Die künstliche Reputation für diverse Links inklusive der Anchortexte ist entwertet, die Sichtbarkeit und Platzierungen in Google sinken für das konkrete Keyword. Trotzdem bietet die Website noch genügend Reputation und inhaltliche Relevanz, sodass das Keyword noch in den Top 5 rankt. Das ging nicht bei allen betroffenen Websites so glimpflich aus und hängt von der noch vorhandenen natürlichen Reputation ab. Der komplette Verlust der Platzierung tritt erst nach dem Penguin-Update ein.

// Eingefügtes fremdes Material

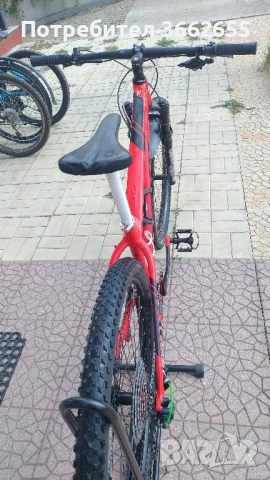Trek XCALIBER 7, снимка 7 - Велосипеди - 51908510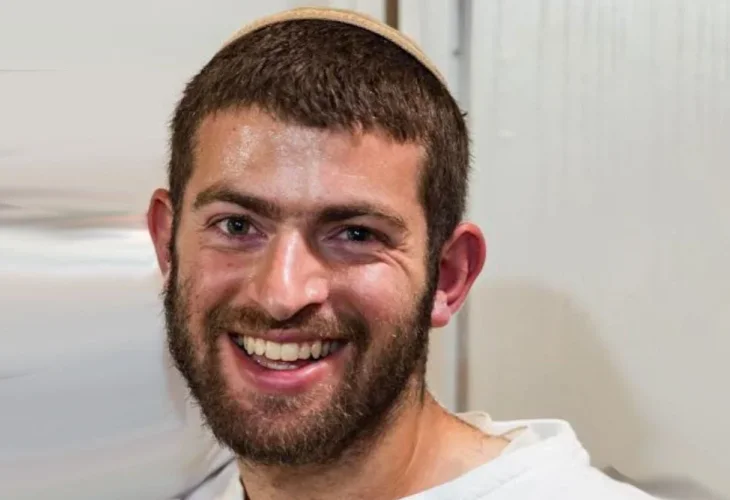 נעם וינברג נעם וינברג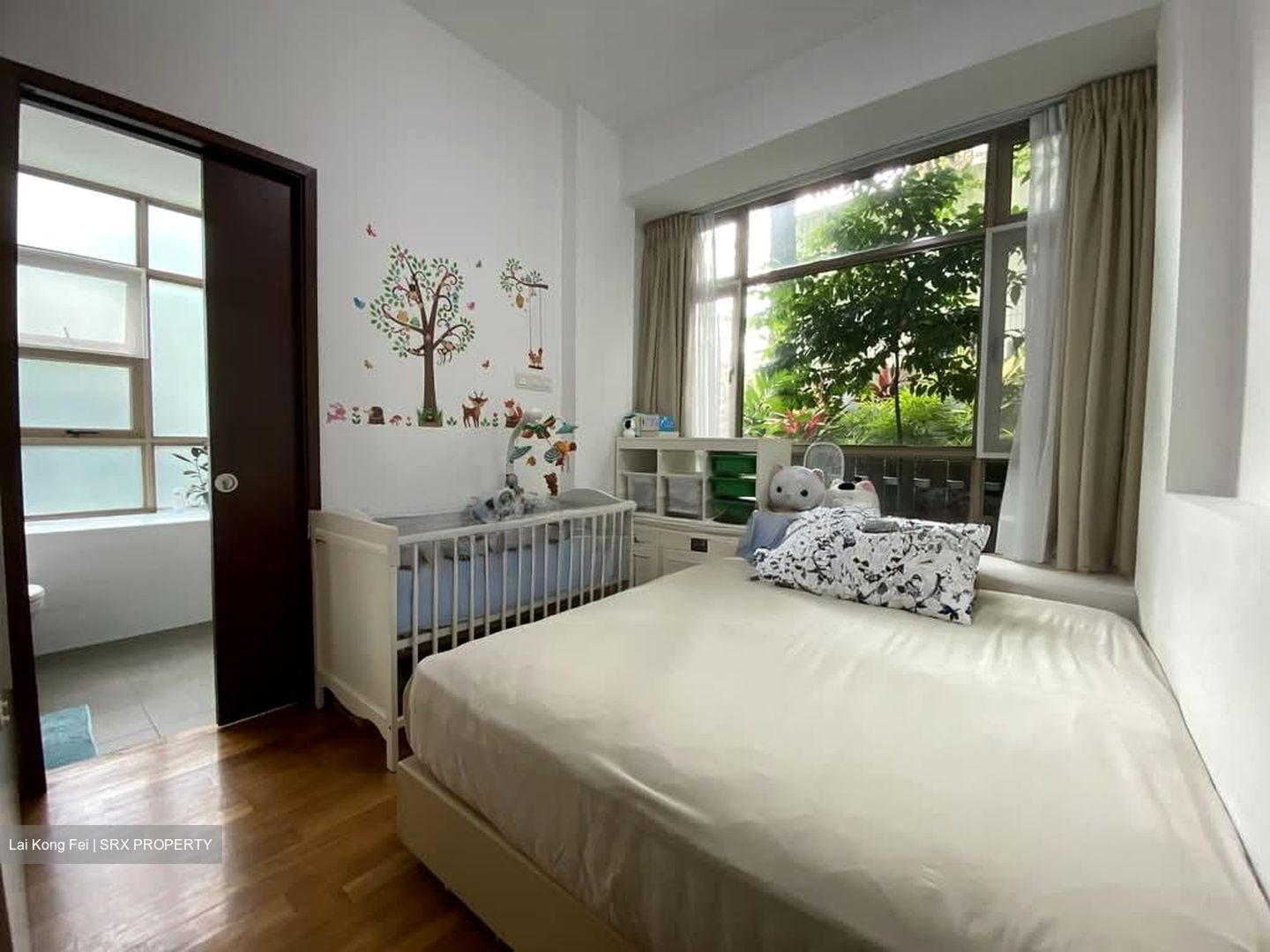 Crystal Heights (D5), Apartment #548022031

Google will kommunizieren und warnen

Es fällt auf, dass Google nicht alle künstlichen Links abgestraft hat. Wir können davon ausgehen, dass Google vor allem ein Zeichen setzen will: „Hey, ihr macht da etwas, was nicht in Ordnung ist, bitte ändert das!“ Dafür spricht auch die Hinweismail über die Webmastertools. Bei strikterer Vorgehensweise hätte die Website beim 1. Fall noch mehr zu leiden gehabt. Mit dem Penguin-Update trat das Horrorszenario dann ein.

Linkkäufer spielen russisches Roulette

Welche Lösungsmöglichkeiten bieten sich an? Alle Betroffenen sollten je nach Geschäftsmodell eine „Komplettreinigung“ fahren, um einen erfolgreichen Reinclusion-Request stellen zu können – d. h. alle nicht richtlinienkonformen Backlinks, soweit möglich, entfernen. Oder sie fangen neu an und setzen von Anfang an auf Strategien wie natürlichen, relevanten und nachhaltigen Linkaufbau, Schaffung einer Marke, Benutzerfreundlichkeit und hohe Qualität der Website-Inhalte.

Allen anderen, die bisher ungestraft davongekommen sind, obwohl sie diverse Linksünden auf dem Konto haben, ist zu empfehlen, die Risikobacklinks so weit es geht abzubauen und gleichzeitig mit natürlichem Linkaufbau zu beginnen. Es ist ein mühsamer Prozess, bei dem anfangs mit hoher Wahrscheinlichkeit aufgrund jetzt fehlender Linkreputation Rankingeinbußen auftreten werden. Allerdings wird so einem möglichen tiefen Fall vorgebeugt.

Der Rest spielt russisches Linkroulette. Sie ändern ihre Arbeitsweise nicht oder warten einfach nur ab. Entweder haben sie Glück oder Pech. Die Trommel dreht sich laufend.